→ Your goal: Leaving out the pictures, return word for word the stretch of entries below from the line holding "Salt and Pepper Exotic cowhide rug L" through the line holding "Different styles Wooden".

→ Data extracts:
# # #

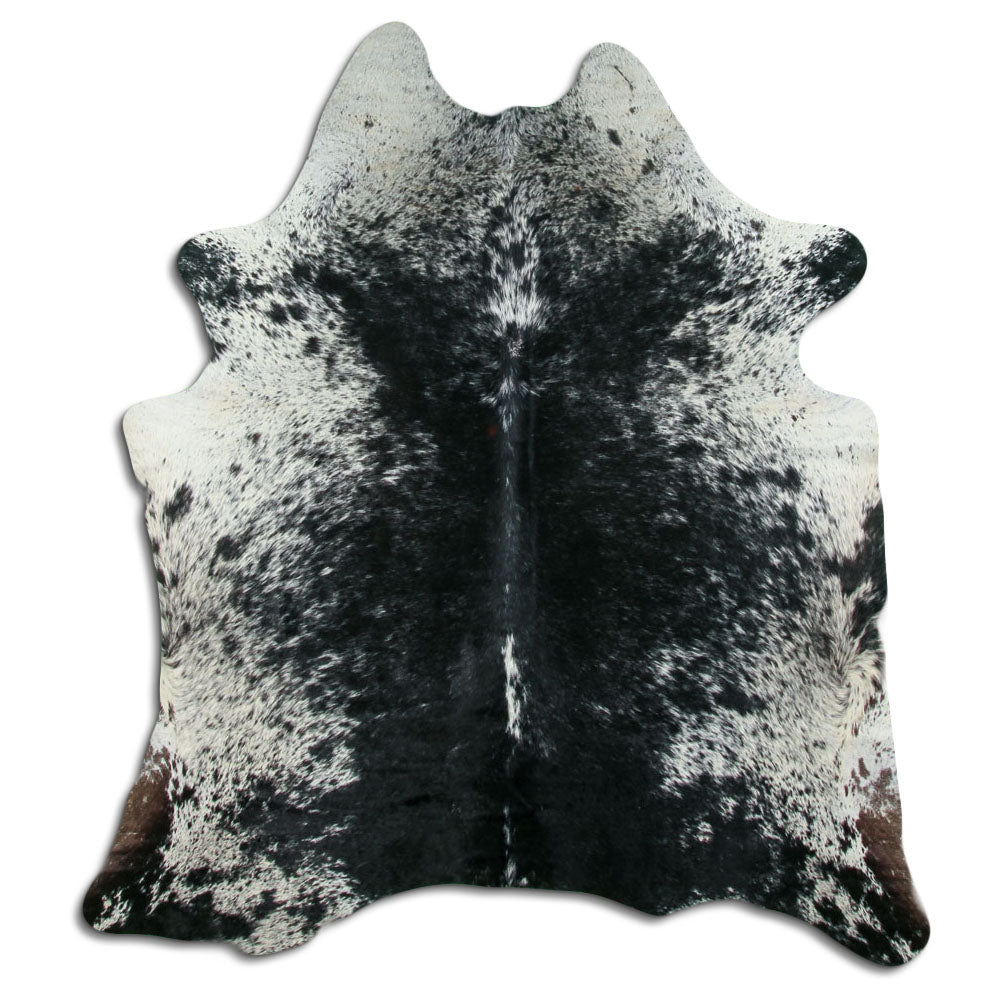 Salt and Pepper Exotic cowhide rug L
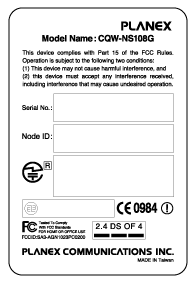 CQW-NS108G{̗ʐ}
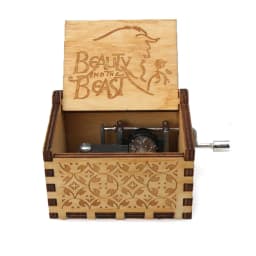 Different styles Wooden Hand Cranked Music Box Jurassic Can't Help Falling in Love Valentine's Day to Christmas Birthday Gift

# # #

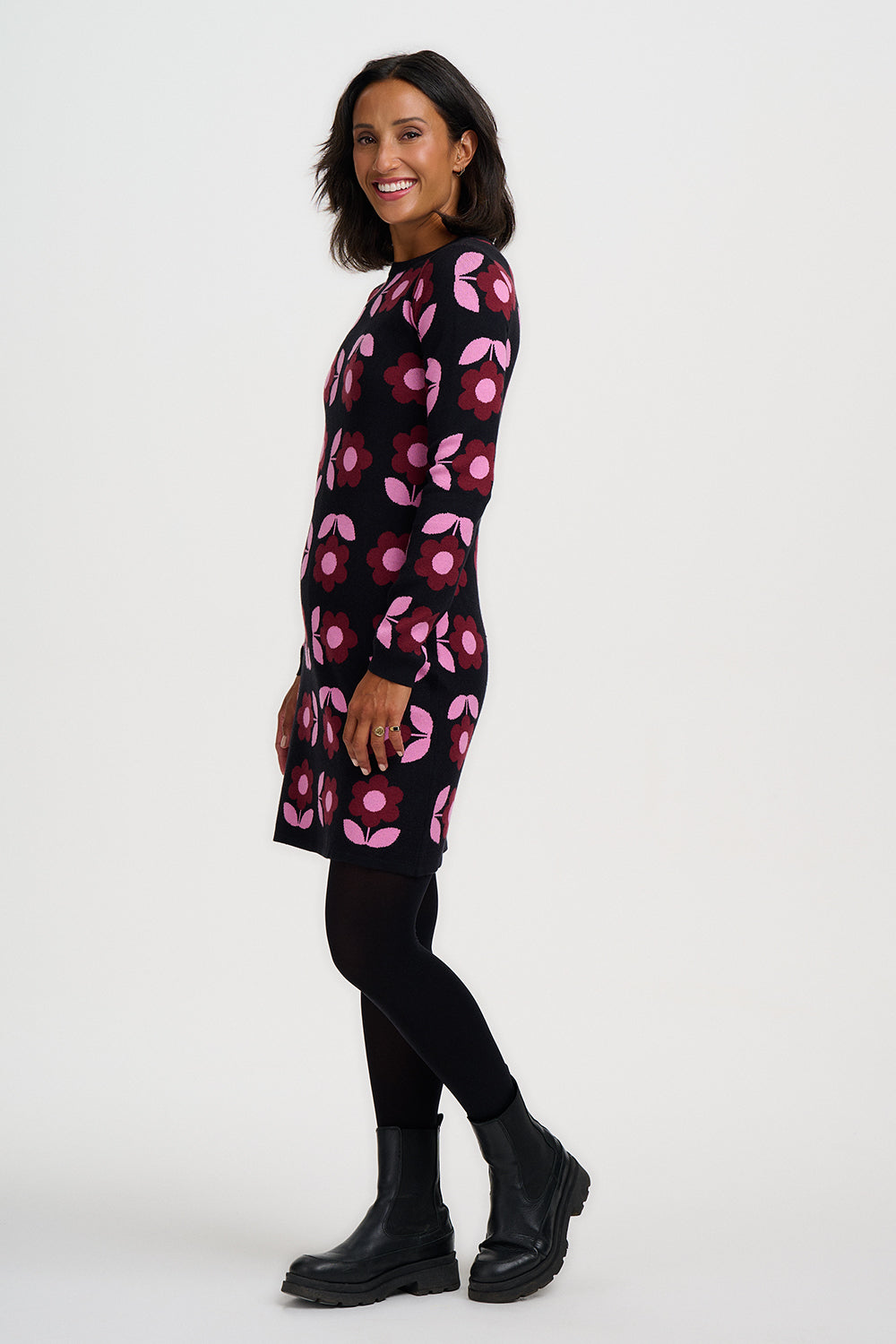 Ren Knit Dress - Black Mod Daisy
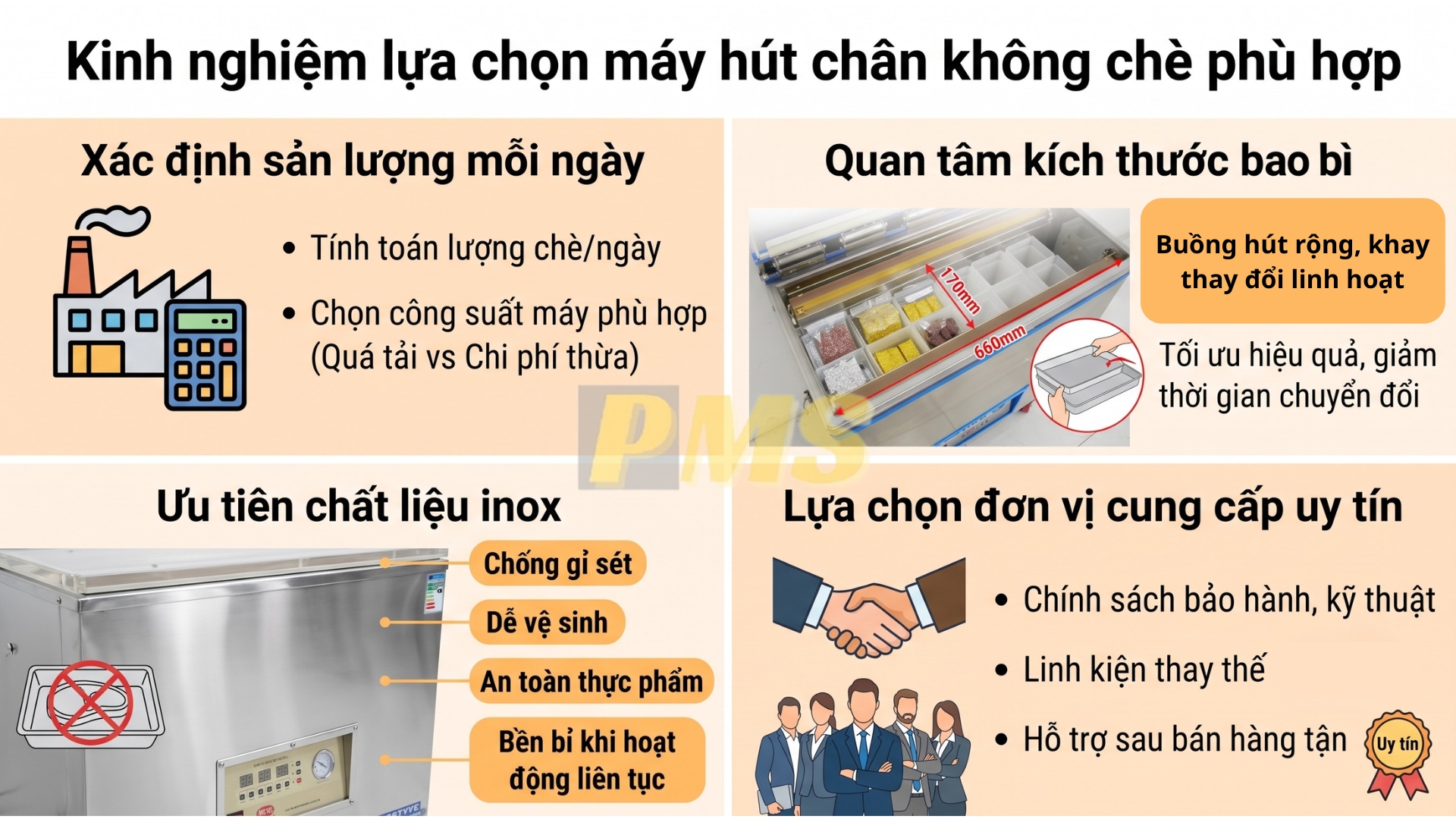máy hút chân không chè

# # #

→ Result of the task:
 Salt and Pepper Exotic cowhide rug L
 CQW-NS108G{̗ʐ}
 Different styles Wooden Hand Cranked Music Box Jurassic Can't Help Falling in Love Valentine's Day to Christmas Birthday Gift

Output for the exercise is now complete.